По соседству с Лагарпом в Плесси-Пике жил ученый-натуралист Амбуаз Пализо де Бовуа, специалист по флоре Африки и Америки, и вместе они проводили некоторые научные опыты, которые подвигли Лагарпа на изучение ботаники. Как свидетельствует корреспонденция, швейцарец принялся за новый род познаний с величайшей серьезностью: «С тех пор как я, хоть и совсем немного, стал заниматься ботаникой, я вдруг обнаружил, что современные ученые в этой области гораздо больше копируют друг у друга, нежели изучают природу, и что подлинно качественных книг совсем мало. Был бы я помоложе, принялся бы за флору моего огорода, описал бы растения в соответствии с их почвой, внешними признаками, сезонами, имея все перед глазами. К сожалению, пришла ко мне эта идея слишком поздно; работа эта определенно помогла бы мне многое позабыть»[306]
.В холодное время года, когда чета Лагарпов перебиралась в парижскую квартиру, швейцарец слушал курсы по минералогии, химии, зоологии и астрономии в Национальном институте, которые читались видными учеными. Некоторые из них, а также известные литераторы и политики часто гостили дома у Лагарпа: у него бывали минералог Рене Жюст Гайю, агроном Шарль Филибер де Ластейри, экономист Жан-Батист Сей, востоковед Луи Матьё Ланглес, основатель газеты «Друг законов» Франсуа Мартен Пултье, член Трибуната Николя Франсуа Тьессе, «конституционный епископ» Анри Грегуар и др. Не без доли юмора швейцарец описывал Ф.А. Штапферу свое обращение в «человека науки»: «До начала августа я посещал курс Воклена три раза в неделю и поэтому так набрался химии, что ничто больше не отобьет у меня охоту к ней. <…> Как смеялись бы вы, если бы встретили меня в костюме Робинзона, с портфелем на одном боку и ящиком из белого железа на другом, или если бы, войдя в мою комнату, обнаружили меня посреди цветочных ваз, с лупой и иголкой в руках, препарирующим растения»[307]
.Страсть Лагарпа к естественным наукам оставалась и далее неизменной. Позже она привела его к мысли основать «Водуазское общество естественных наук» (а в 1819 году он с большим удовлетворением примет от Александра I коллекцию минералов из России для кантонального музея в Лозанне). Общаясь с царем, его бывший наставник постоянно высказывался в пользу популяризации научных знаний, воодушевлял Александра образовывать собственных ботаников, перепечатывать в русских газетах различные «полезные» статьи из-за границы, содержание которых могло бы принести пользу как русским ученым, так и простым крестьянам[308]

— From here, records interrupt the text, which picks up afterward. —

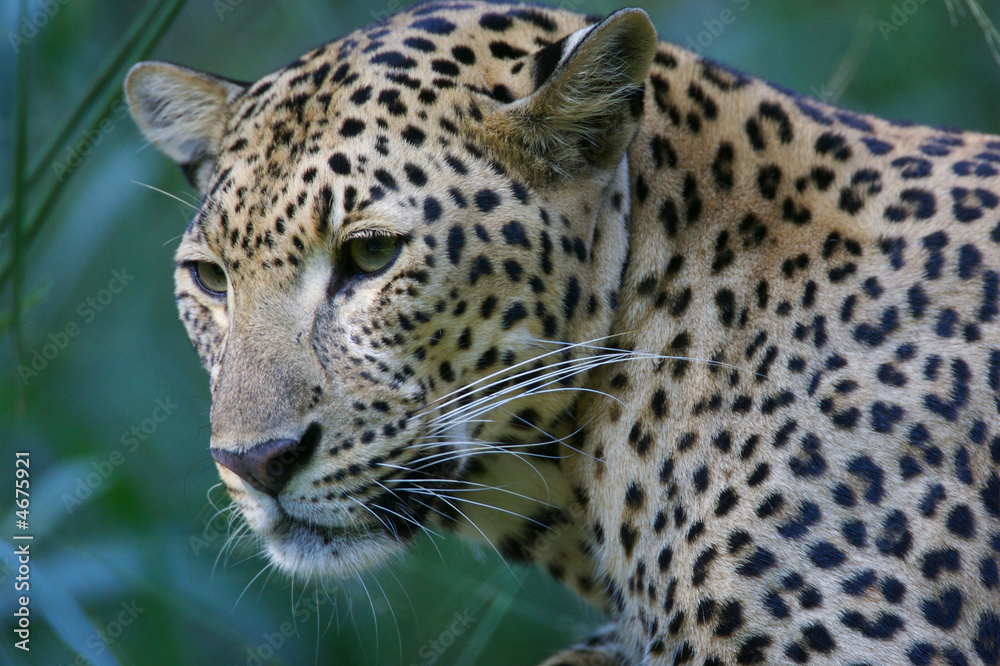 Leopard Leopard
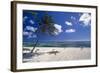 Palm Tree on a Beach, Brakers, Grand Cayman-George Oze-Framed Photographic Print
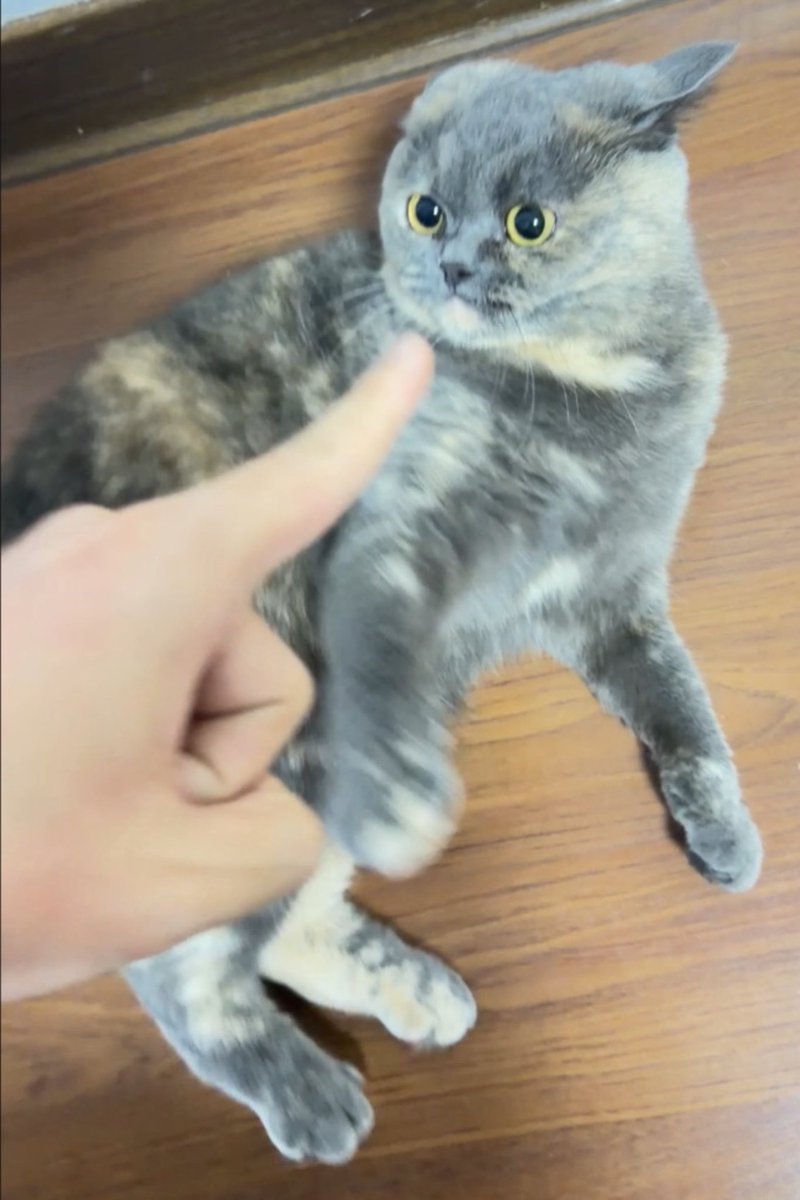 Cloud_MQing's tweet photo. 🐱#cat #CAT https://t.co/k0dsTwNihx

.Именно в 1802–1803 годах, когда Лагарп обустраивал свою «сельскую идиллию» в Плесси-Пике, Александр I более всего походил на того «идеального самодержца», какого в нем хотел видеть его швейцарский учитель. Лагарп постоянно называет Александра в то время в письмах «императором народа», «императором-гражданином». По-видимому, этот эпитет отражал реальные слова царя – своего рода клятву, произнесенную учеником при расставании с учителем в Петербурге в 1802 году, о которой последний не устает напоминать, клятву посвятить свое правление улучшению жизни людей, населяющих его страну.
Вскоре после отъезда Лагарпа из России там были оглашены масштабные реформы, разработанные в Негласном комитете не без участия швейцарца. По Манифесту от 8 сентября 1802 года создавались новые органы центрального управления империи – восемь министерств (распределение компетенций между ними Лагарп обсуждал вместе с членами Негласного комитета непосредственно перед своим отъездом, в конце апреля 1802 года); тогда же более точно определились полномочия Сената, за которым были закреплены функции высшего судебного органа империи, а также контроль за деятельностью министерств (этому вопросу Лагарп также уделял много внимания в период пребывания в Петербурге). Открытие одного из министерств – народного просвещения – непосредственно было инициировано Лагарпом. Александр I действительно придавал деятельности этого министерства большое значение, поставив во главе не только министра, но и совет, куда вошли его друзья из Негласного комитета – Новосильцев и Чарторыйский. Уже в январе 1803 года были приняты «Предварительные правила народного просвещения», заложившие принципы новой российской системы образования.
Тогда же, в начале 1803 года, Александром I была перестроена работа Комиссии законов, на которую Лагарп возлагал надежды по выполнению другой основополагающей задачи для русского государства – возведения стройной юридической системы, способной обеспечить в России правосудие. Указом Александра I эта Комиссия была переведена в ведение Министерства юстиции, и вскоре ее деятельность стал напрямую курировать Новосильцев.